Yeah, extending the “it’s really the boyfriend” theory…I would be concerned about her claim that someone tried to smother her. I mean, what if there really was some crazy intruder (bf or other) that tried to either scare her shitless or cause her real physical harm? And is putting on all the other hijinks?

I’m probably just getting wild with all my mystery-novel fueled theories, but it might be in your best interest to involve the authorities at some point, starting with the report of an illegal intruder who tried to smother your tenant. That way your ass is covered legally, and if she really is faking it to get out of her lease, you’ll know it because she’ll be reluctant to involve the police.

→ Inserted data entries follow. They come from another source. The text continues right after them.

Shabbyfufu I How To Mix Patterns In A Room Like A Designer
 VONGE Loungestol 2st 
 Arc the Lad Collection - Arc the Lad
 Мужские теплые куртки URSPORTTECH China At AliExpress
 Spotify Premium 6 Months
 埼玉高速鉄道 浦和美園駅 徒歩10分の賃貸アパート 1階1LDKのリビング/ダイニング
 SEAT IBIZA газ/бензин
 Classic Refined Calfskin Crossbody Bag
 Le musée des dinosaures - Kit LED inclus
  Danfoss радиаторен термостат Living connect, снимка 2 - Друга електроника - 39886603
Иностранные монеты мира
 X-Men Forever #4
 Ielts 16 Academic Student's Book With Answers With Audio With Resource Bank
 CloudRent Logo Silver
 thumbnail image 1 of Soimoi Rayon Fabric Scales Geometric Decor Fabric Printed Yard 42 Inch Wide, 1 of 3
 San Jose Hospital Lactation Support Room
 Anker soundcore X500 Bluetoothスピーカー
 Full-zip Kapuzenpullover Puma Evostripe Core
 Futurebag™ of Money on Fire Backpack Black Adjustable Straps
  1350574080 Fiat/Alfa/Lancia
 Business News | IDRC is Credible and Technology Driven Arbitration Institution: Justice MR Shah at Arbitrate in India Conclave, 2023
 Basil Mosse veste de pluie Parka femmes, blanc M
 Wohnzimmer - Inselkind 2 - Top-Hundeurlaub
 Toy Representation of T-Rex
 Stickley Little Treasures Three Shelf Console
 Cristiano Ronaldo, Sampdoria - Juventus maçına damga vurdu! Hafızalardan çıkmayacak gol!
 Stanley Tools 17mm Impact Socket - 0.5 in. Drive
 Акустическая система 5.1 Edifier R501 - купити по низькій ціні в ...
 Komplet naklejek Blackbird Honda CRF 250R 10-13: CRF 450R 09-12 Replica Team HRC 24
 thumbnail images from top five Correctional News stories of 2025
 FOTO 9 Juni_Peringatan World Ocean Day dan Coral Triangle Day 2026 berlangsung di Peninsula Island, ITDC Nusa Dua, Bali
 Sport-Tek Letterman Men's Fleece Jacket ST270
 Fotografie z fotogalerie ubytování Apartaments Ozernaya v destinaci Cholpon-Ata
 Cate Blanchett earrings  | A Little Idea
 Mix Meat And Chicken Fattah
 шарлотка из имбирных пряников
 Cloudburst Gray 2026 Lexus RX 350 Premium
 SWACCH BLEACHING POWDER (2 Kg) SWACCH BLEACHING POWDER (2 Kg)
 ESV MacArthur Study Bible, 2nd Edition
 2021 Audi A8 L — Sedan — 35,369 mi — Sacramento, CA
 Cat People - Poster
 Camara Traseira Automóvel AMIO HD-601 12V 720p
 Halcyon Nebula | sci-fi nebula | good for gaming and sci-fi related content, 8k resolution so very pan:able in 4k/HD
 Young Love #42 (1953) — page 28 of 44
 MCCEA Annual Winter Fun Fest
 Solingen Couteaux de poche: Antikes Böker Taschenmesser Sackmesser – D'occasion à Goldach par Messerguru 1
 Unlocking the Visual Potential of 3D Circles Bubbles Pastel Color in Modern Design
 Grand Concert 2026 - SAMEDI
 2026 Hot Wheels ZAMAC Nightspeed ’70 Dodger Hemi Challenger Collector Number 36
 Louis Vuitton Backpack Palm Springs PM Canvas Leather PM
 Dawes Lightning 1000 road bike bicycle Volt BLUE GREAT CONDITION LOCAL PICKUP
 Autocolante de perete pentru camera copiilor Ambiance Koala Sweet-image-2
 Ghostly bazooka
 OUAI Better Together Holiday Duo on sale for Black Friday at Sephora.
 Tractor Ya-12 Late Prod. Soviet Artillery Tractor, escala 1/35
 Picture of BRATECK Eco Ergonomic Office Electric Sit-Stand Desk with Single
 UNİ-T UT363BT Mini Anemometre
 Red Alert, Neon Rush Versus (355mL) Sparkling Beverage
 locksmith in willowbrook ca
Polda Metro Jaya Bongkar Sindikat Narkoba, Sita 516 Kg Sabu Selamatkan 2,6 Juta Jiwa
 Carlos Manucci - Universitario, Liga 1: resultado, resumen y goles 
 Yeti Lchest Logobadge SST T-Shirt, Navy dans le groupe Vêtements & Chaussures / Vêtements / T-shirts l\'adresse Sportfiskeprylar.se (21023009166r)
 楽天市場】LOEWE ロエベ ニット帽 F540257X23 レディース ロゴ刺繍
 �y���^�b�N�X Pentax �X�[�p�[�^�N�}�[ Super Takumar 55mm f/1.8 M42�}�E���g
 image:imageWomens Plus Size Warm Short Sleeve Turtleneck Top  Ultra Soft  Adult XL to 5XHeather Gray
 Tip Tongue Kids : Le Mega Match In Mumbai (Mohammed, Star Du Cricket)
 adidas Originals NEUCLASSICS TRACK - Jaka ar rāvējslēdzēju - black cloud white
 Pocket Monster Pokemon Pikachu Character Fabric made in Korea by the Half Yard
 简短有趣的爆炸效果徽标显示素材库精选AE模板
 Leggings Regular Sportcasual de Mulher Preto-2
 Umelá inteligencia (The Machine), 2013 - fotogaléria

Or she’ll go along with it and just look like an idiot for claiming that a ghost tried to kill her… :smack:

I wonder what would happen if Tess got Ed & Lorraine Warren involved and they say there’s no ghost in the house.

Eh, they’re both nuts.

did you check out the apartment, what were the PKE Valence readings?, perhaps you should go over there with a Positron Collider and a few ghost traps

make sure you check her refrigerator for monsters, especially ones named Zuul :wink:

if you’re lucky it may only be a Focused, Non-Terminal Repeating Phantasm (Class 5 Full Roaming Vapor), hopefully it won’t be too nasty…

I say that if she’s got a ghost, you tell her you’ll be charging her extra because she has an extra tenant.